- [Action item]
Skip the images. Copy the records exactly as written.

┄┄┄┄┄┄

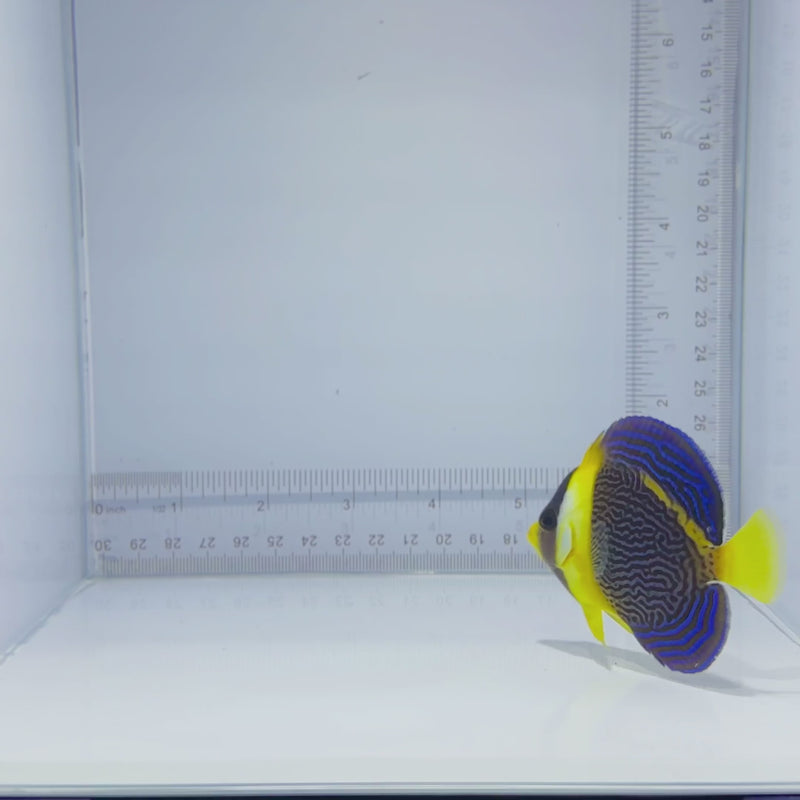 Scribbled Angelfish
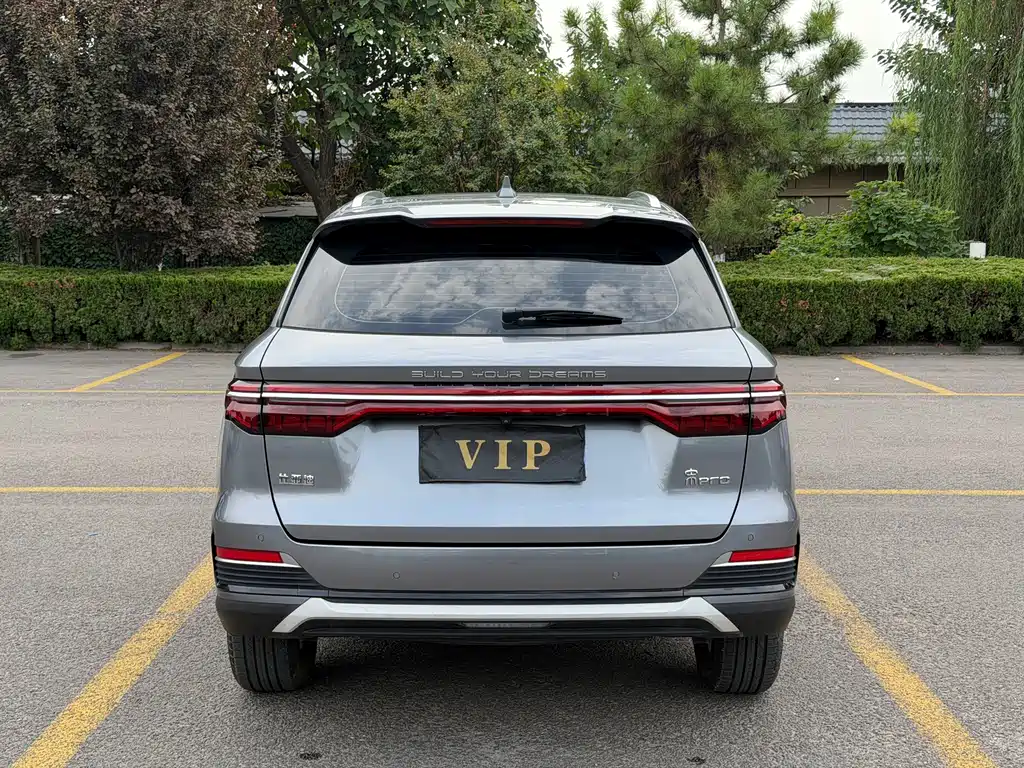 BYD Pro — миниатюра 4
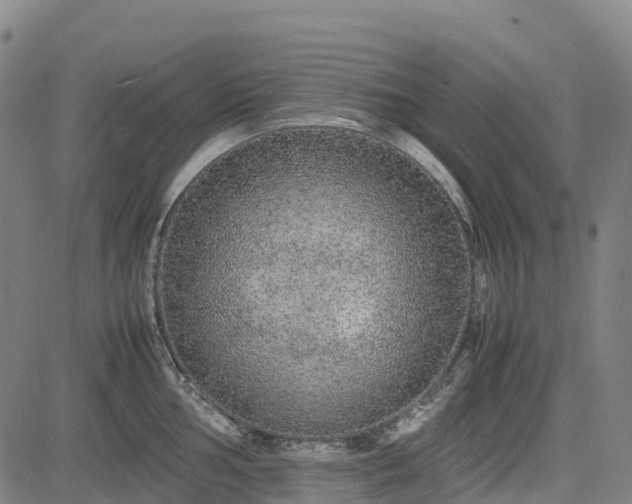 X0000085051002200703121454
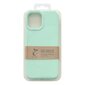 Eco Case Case for iPhone 12 Silicone Cover Phone Case Mint (Mint) hind ja info | Telefoni kaaned, ümbrised | kaup24.ee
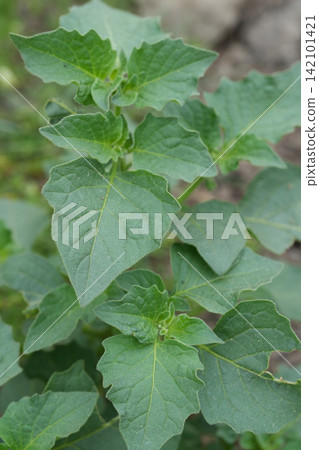 Vibrant Green European black or blackberry nightshade, Solanum nigrum Plant Foliage, Natural Habitat, Close-Up View of Lush Leaves Vibrant Green European black or blackberry nightshade, Solanum nigrum Plant Foliage, Natural Habitat, Close-Up View of Lush Leaves 142101421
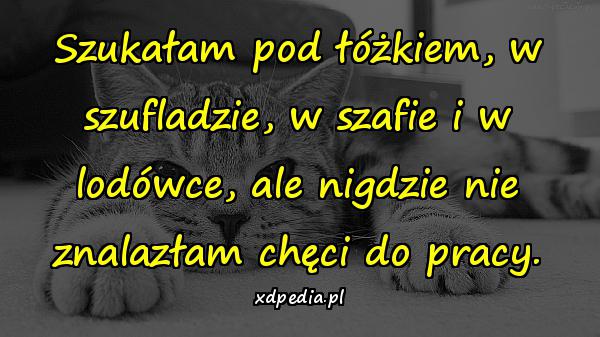 Szukałam pod łóżkiem, w szufladzie, w szafie i w lodówce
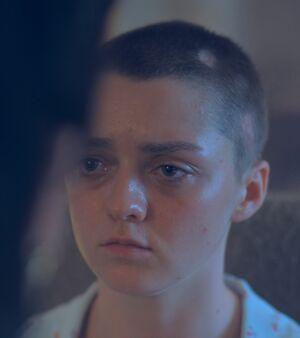 Maisie Williams photo 1072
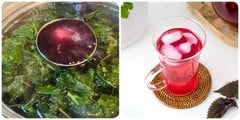 Uống nước tía tô mỗi ngày có tốt?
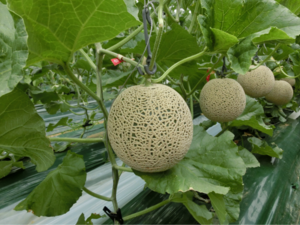 株式会社埼玉原種育成会-top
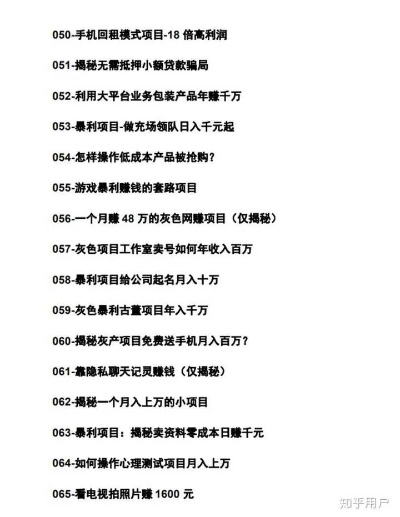 揭秘热门赚钱项目，TOP10赚钱项目排名图片全解析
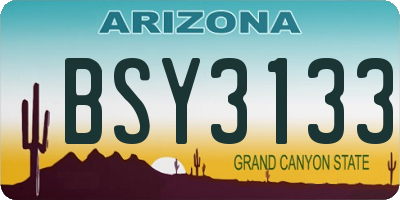AZ license plate BSY3133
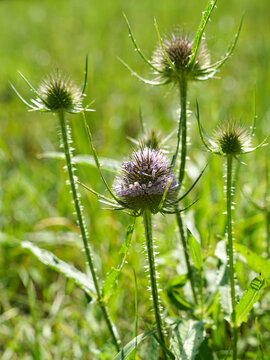 Flowering thistle plant on meadow close-up view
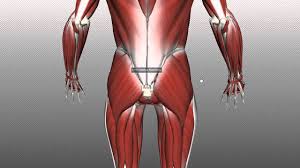 Ligaments, tendons, and muscles play an important role in the function of the hip. Muscles Of The Gluteal Region 3d Models Video Tutorials Notes Anatomyzone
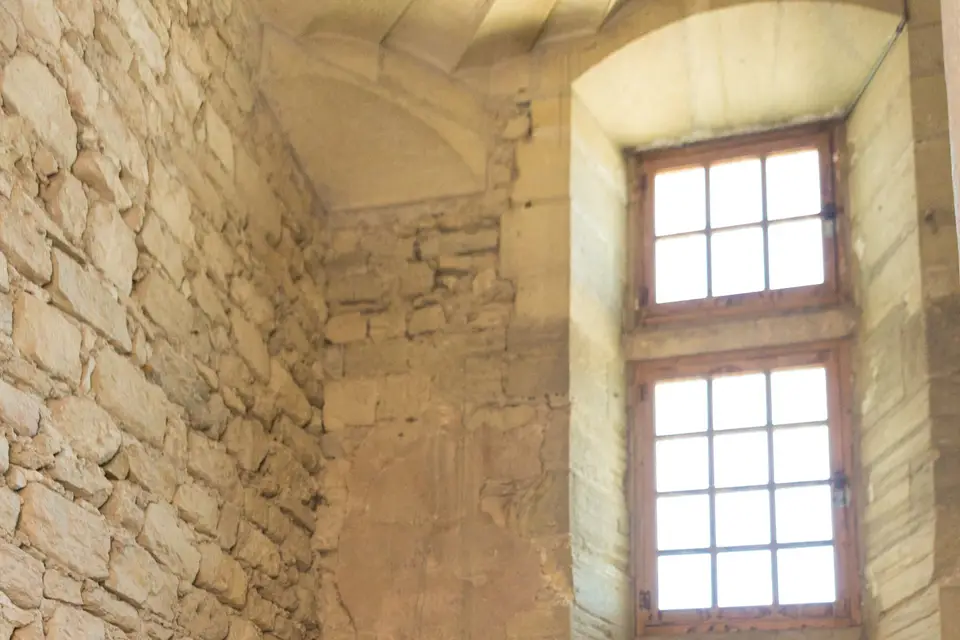 Regard Naturel — photo 2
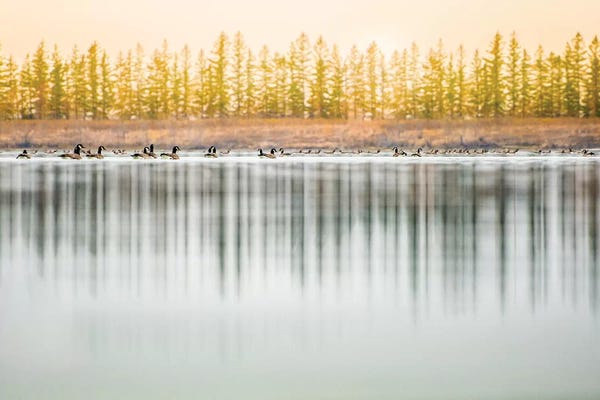 Nik Rave: Low Angle, Geese Water Reflection by Nik Rave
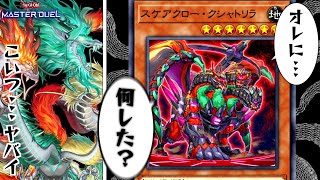 天盃龍対策にまたもや駆り出されるスケアクロー・クシャトリラ【遊戯王マスターデュエル】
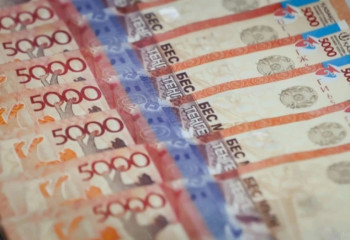 Елімізде кімдер МӘСҚ-тан төлем алды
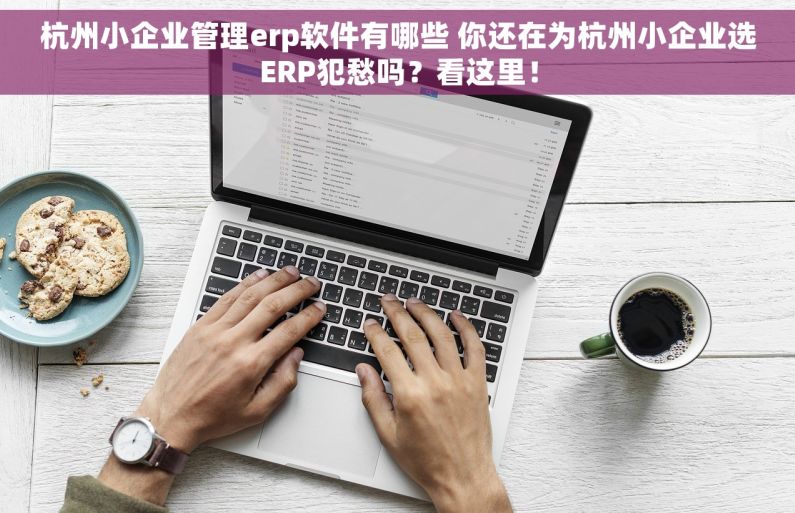 杭州小企业管理erp软件有哪些 你还在为杭州小企业选ERP犯愁吗？看这里！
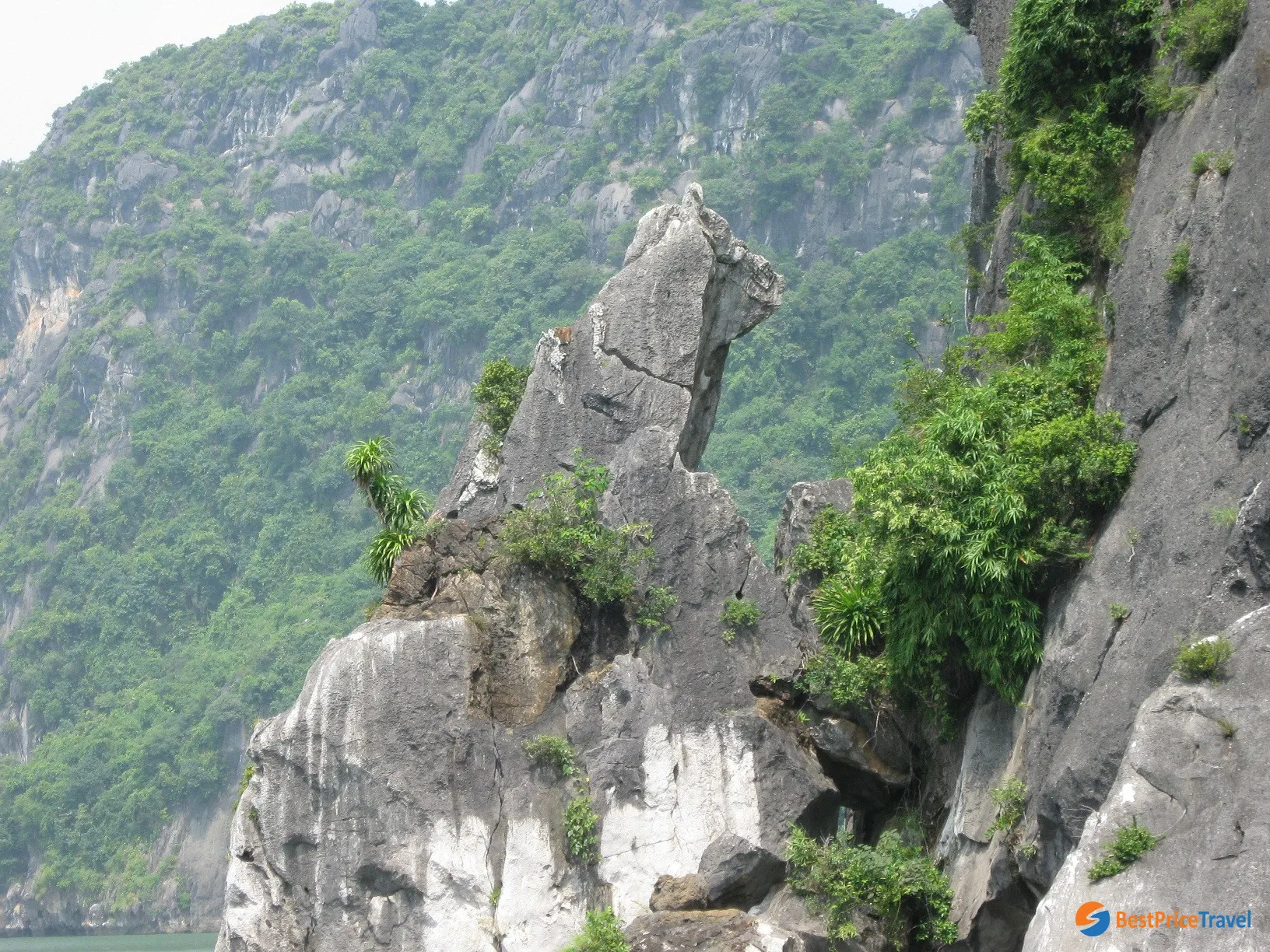 Hon Cho Da rock formation resembling a sitting dog Ha Long Bay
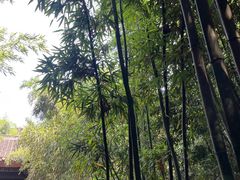 -采石矶景区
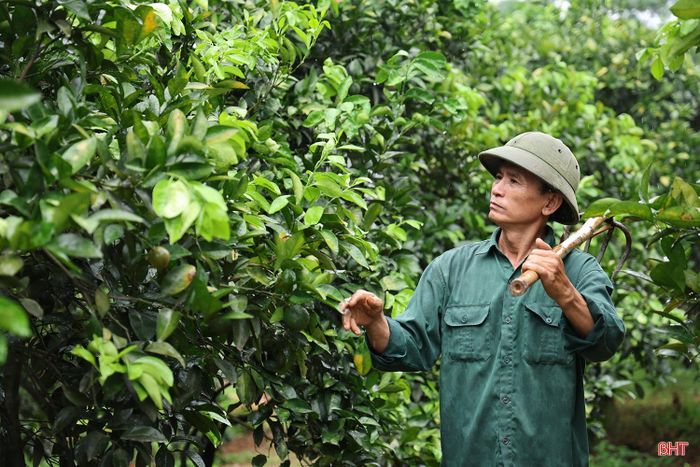Anh Phan Văn Thanh - chủ nhà vườn cam Thanh Hiền (thôn Thượng Lộc, xã Đồng Lộc) cho biết: “Sau đợt mưa, đất đã có độ ẩm nên nhà vườn tập trung chăm sóc, tỉa cành, bón phân và phòng trừ sâu bệnh. Đây là điều kiện thuận lợi giúp cây cam sinh trưởng ổn định nhằm đảm bảo năng suất, chất lượng vào cuối vụ”.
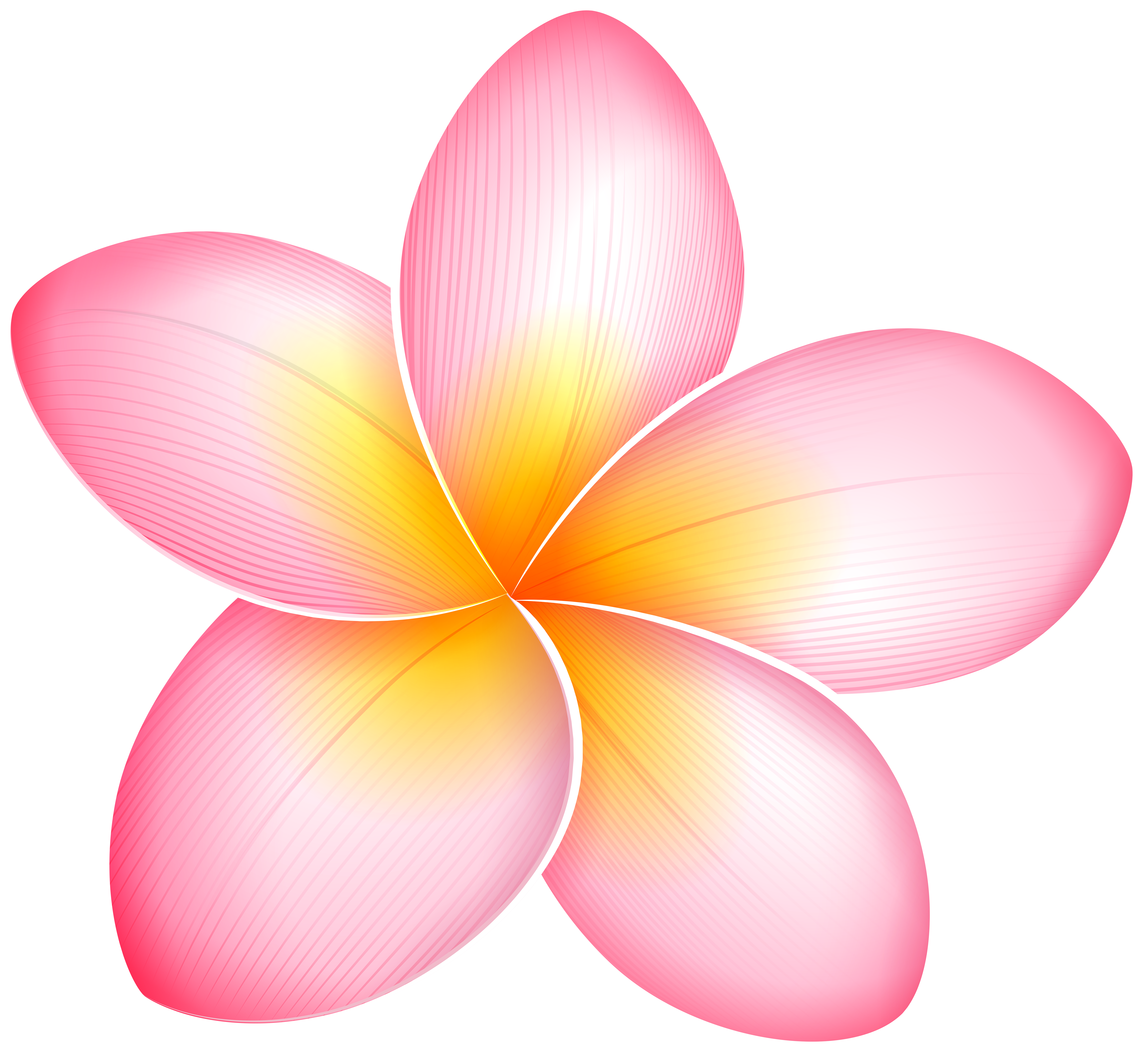 Pink Plumeria Flower Illustration | Tropical Vector Art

┄┄┄┄┄┄

- [The answer]
 Scribbled Angelfish
 BYD Pro — миниатюра 4
 X0000085051002200703121454
 Eco Case Case for iPhone 12 Silicone Cover Phone Case Mint (Mint) hind ja info | Telefoni kaaned, ümbrised | kaup24.ee
 Vibrant Green European black or blackberry nightshade, Solanum nigrum Plant Foliage, Natural Habitat, Close-Up View of Lush Leaves Vibrant Green European black or blackberry nightshade, Solanum nigrum Plant Foliage, Natural Habitat, Close-Up View of Lush Leaves 142101421
 Szukałam pod łóżkiem, w szufladzie, w szafie i w lodówce
 Maisie Williams photo 1072
 Uống nước tía tô mỗi ngày có tốt?
 株式会社埼玉原種育成会-top
 揭秘热门赚钱项目，TOP10赚钱项目排名图片全解析
AZ license plate BSY3133
 Flowering thistle plant on meadow close-up view
 Ligaments, tendons, and muscles play an important role in the function of the hip. Muscles Of The Gluteal Region 3d Models Video Tutorials Notes Anatomyzone
 Regard Naturel — photo 2
 Nik Rave: Low Angle, Geese Water Reflection by Nik Rave
 天盃龍対策にまたもや駆り出されるスケアクロー・クシャトリラ【遊戯王マスターデュエル】
 Елімізде кімдер МӘСҚ-тан төлем алды
 杭州小企业管理erp软件有哪些 你还在为杭州小企业选ERP犯愁吗？看这里！
 Hon Cho Da rock formation resembling a sitting dog Ha Long Bay
 -采石矶景区
Anh Phan Văn Thanh - chủ nhà vườn cam Thanh Hiền (thôn Thượng Lộc, xã Đồng Lộc) cho biết: “Sau đợt mưa, đất đã có độ ẩm nên nhà vườn tập trung chăm sóc, tỉa cành, bón phân và phòng trừ sâu bệnh. Đây là điều kiện thuận lợi giúp cây cam sinh trưởng ổn định nhằm đảm bảo năng suất, chất lượng vào cuối vụ”.
 Pink Plumeria Flower Illustration | Tropical Vector Art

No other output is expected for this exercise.